__EXERCISE__.
All that is wanted is the exact text of the lines below from the one with "精武门黑老虎油使用案例" through the one with "o*o様 みるみるわかる視野検査 : 視野異常パターンの見かた・読みかた", inclusive, minus any pictures.

__RECORDS PROVIDED__.
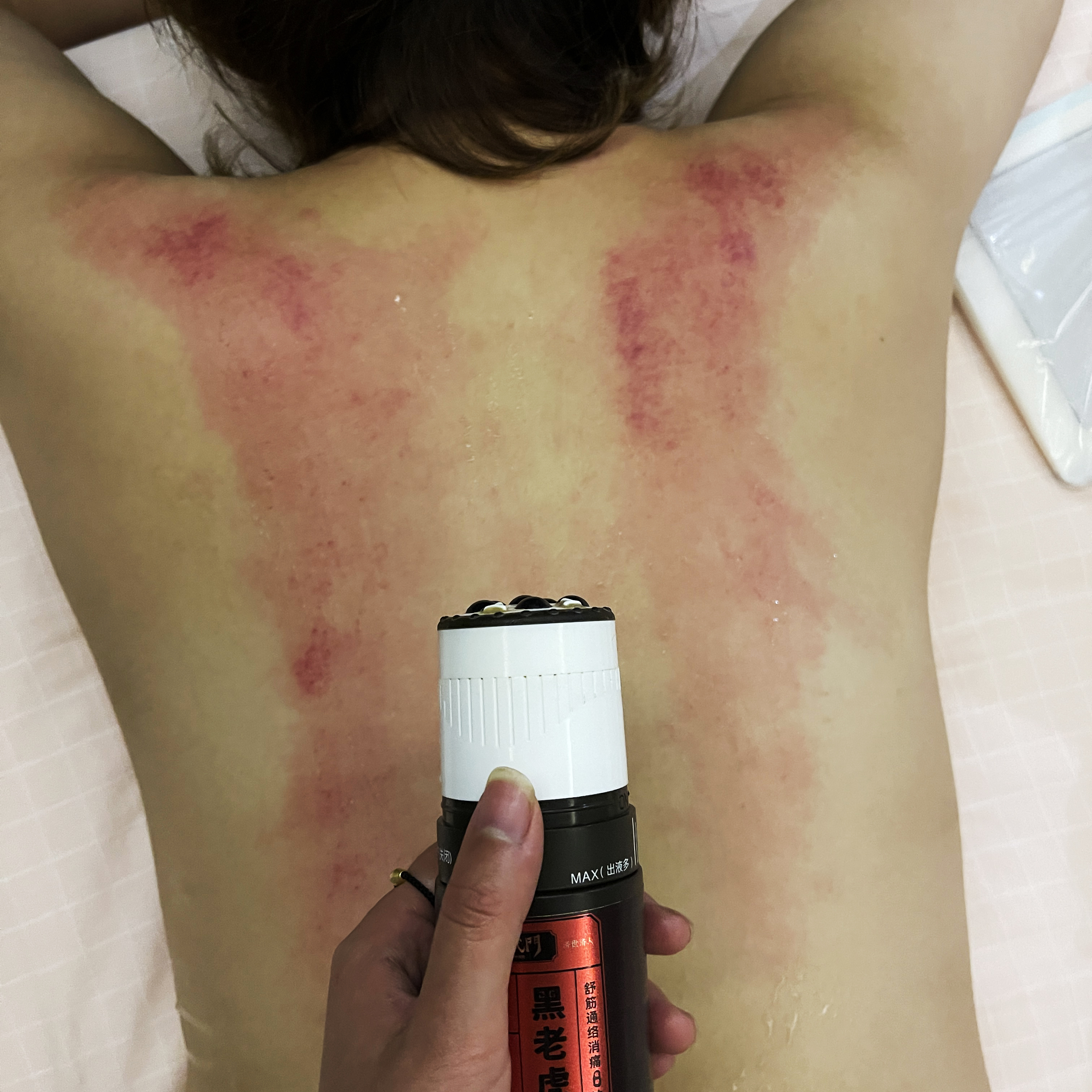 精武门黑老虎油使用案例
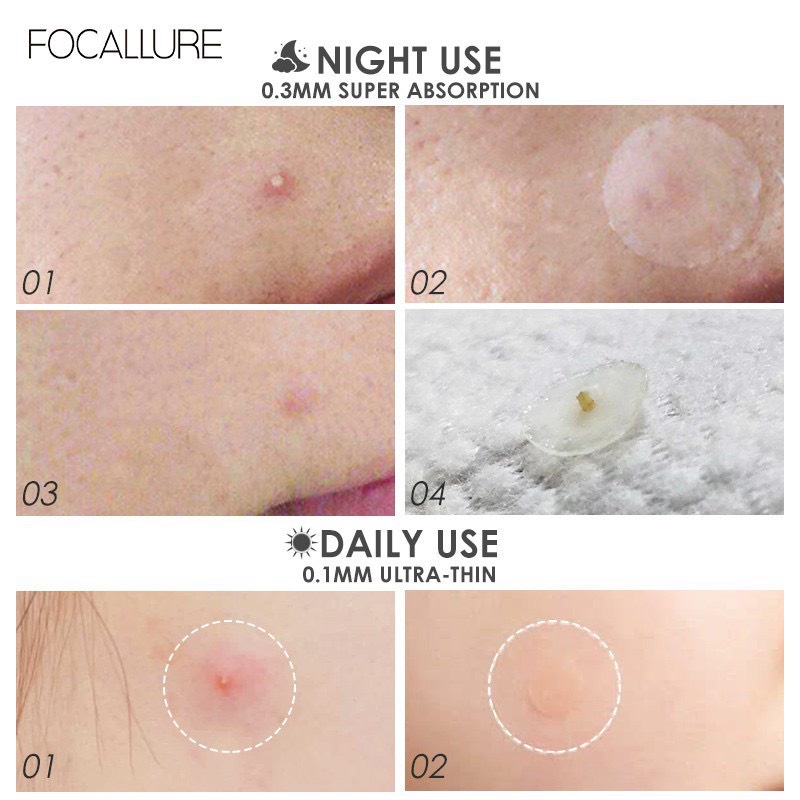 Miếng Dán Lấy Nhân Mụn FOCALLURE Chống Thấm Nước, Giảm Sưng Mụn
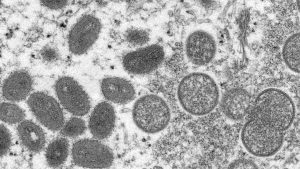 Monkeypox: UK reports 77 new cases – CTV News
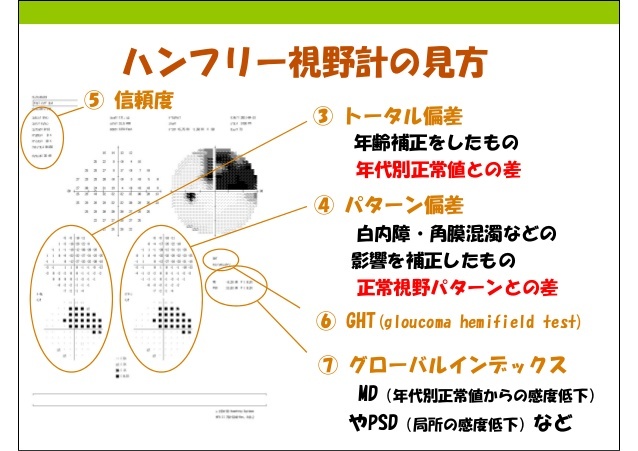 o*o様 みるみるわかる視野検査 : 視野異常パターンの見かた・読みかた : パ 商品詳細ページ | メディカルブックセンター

==

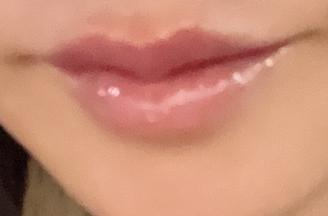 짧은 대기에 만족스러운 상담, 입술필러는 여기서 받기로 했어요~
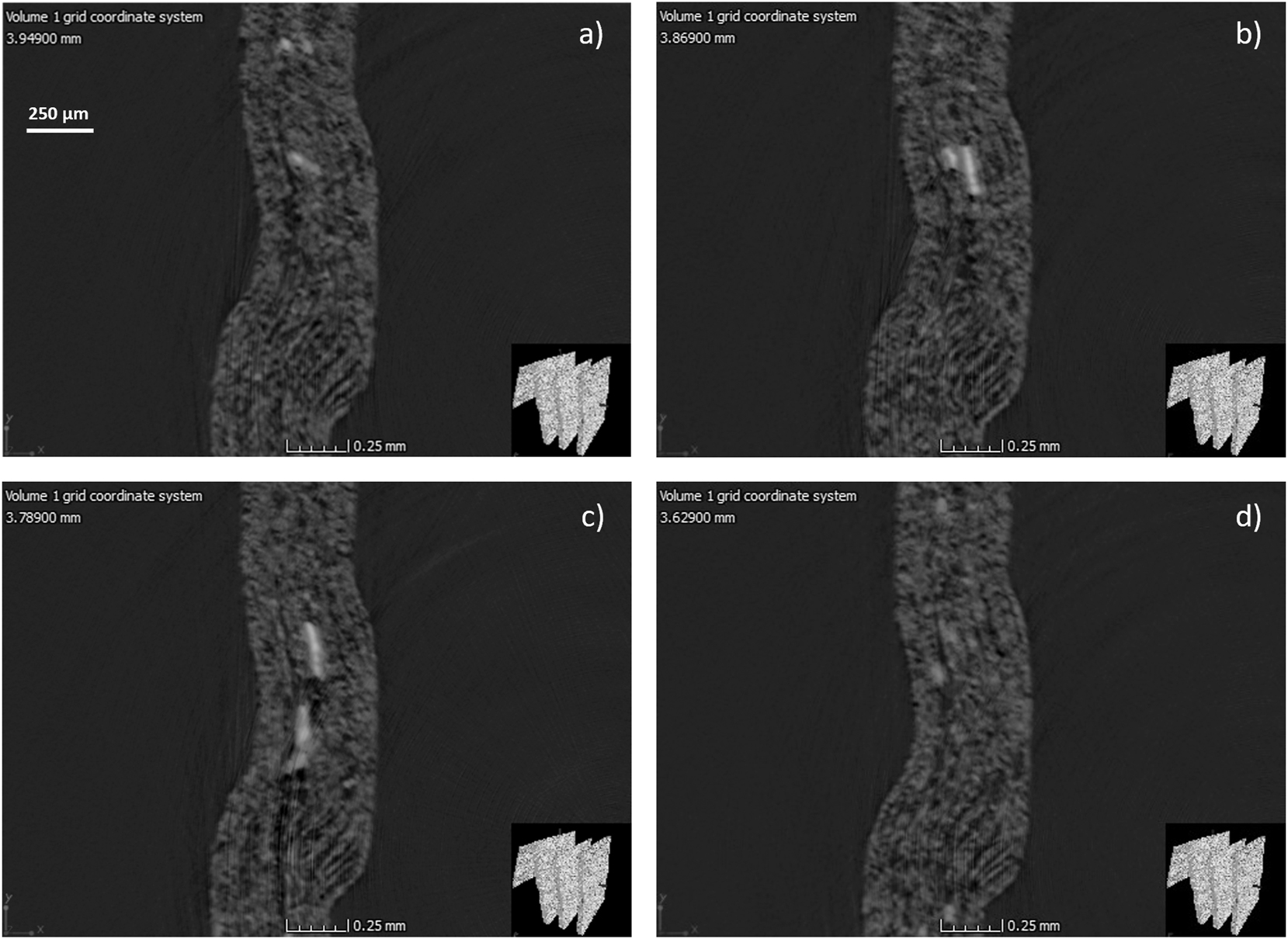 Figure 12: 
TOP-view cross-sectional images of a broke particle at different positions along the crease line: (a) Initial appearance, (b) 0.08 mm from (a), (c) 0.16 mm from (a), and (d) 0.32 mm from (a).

__TASK RESULT__.
 精武门黑老虎油使用案例
 Miếng Dán Lấy Nhân Mụn FOCALLURE Chống Thấm Nước, Giảm Sưng Mụn
 Monkeypox: UK reports 77 new cases – CTV News
 o*o様 みるみるわかる視野検査 : 視野異常パターンの見かた・読みかた : パ 商品詳細ページ | メディカルブックセンター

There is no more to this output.